▸ **WORK REQUEST**: Provide an exact copy of the data, excluding the images.

▸ **THE DATA**:
------

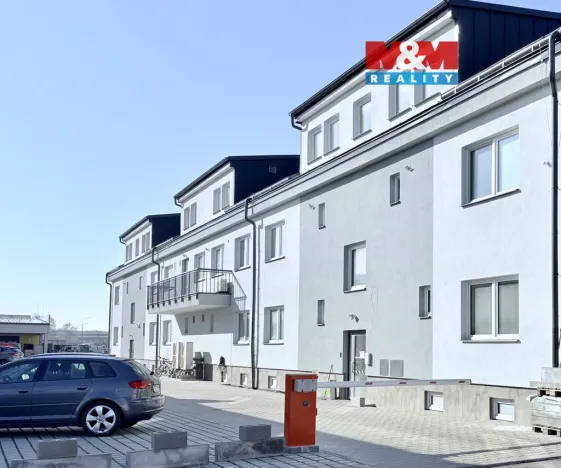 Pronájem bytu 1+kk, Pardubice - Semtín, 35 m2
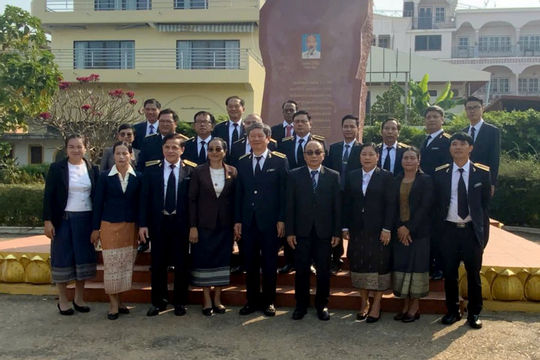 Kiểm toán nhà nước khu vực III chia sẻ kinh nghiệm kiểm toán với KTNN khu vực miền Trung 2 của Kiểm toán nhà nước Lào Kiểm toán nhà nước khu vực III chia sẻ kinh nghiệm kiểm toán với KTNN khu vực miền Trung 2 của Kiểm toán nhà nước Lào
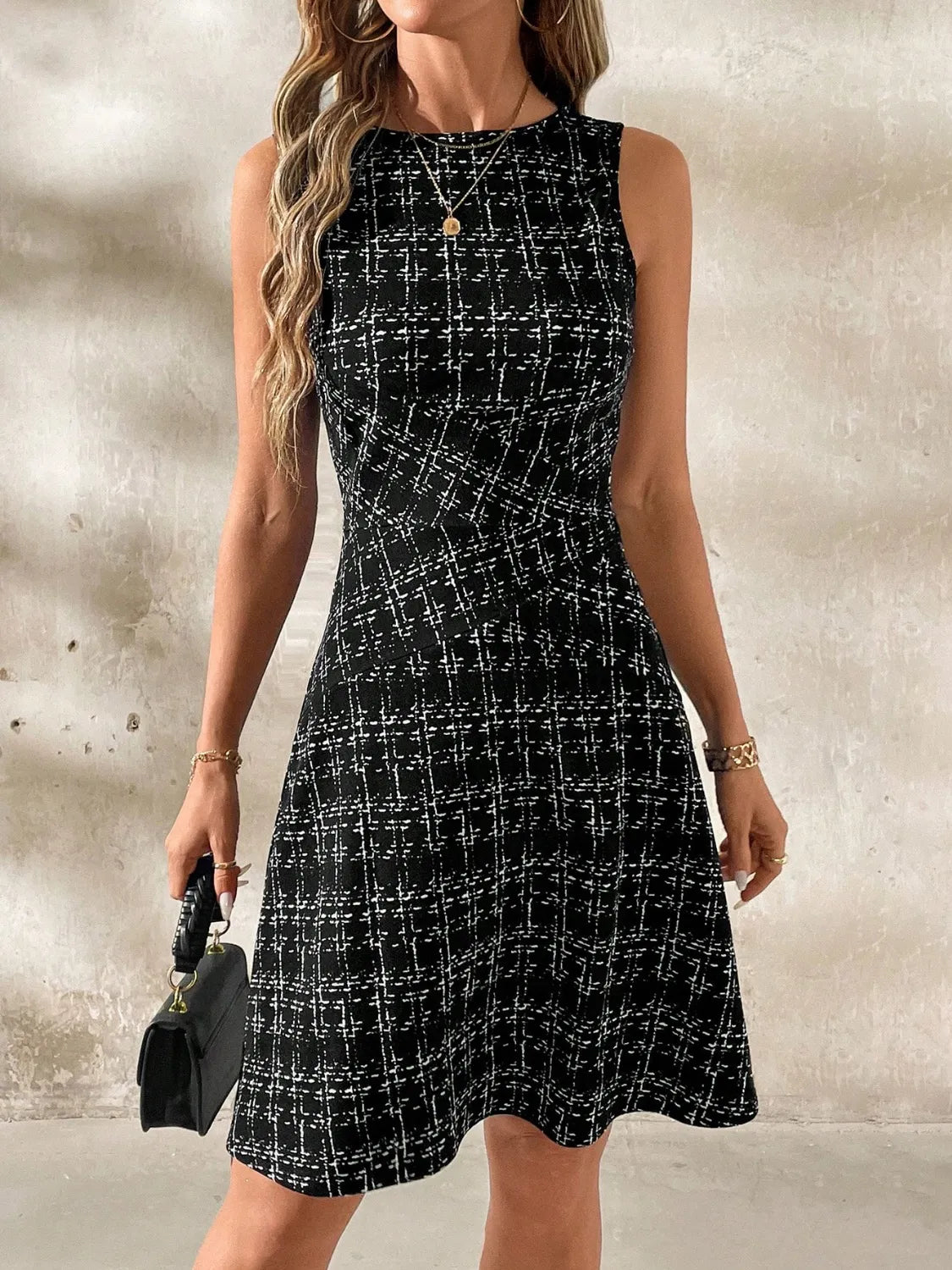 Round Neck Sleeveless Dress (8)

------

▸ **RESULT OF THIS EXERCISE**:
 Pronájem bytu 1+kk, Pardubice - Semtín, 35 m2
 Kiểm toán nhà nước khu vực III chia sẻ kinh nghiệm kiểm toán với KTNN khu vực miền Trung 2 của Kiểm toán nhà nước Lào Kiểm toán nhà nước khu vực III chia sẻ kinh nghiệm kiểm toán với KTNN khu vực miền Trung 2 của Kiểm toán nhà nước Lào
 Round Neck Sleeveless Dress (8)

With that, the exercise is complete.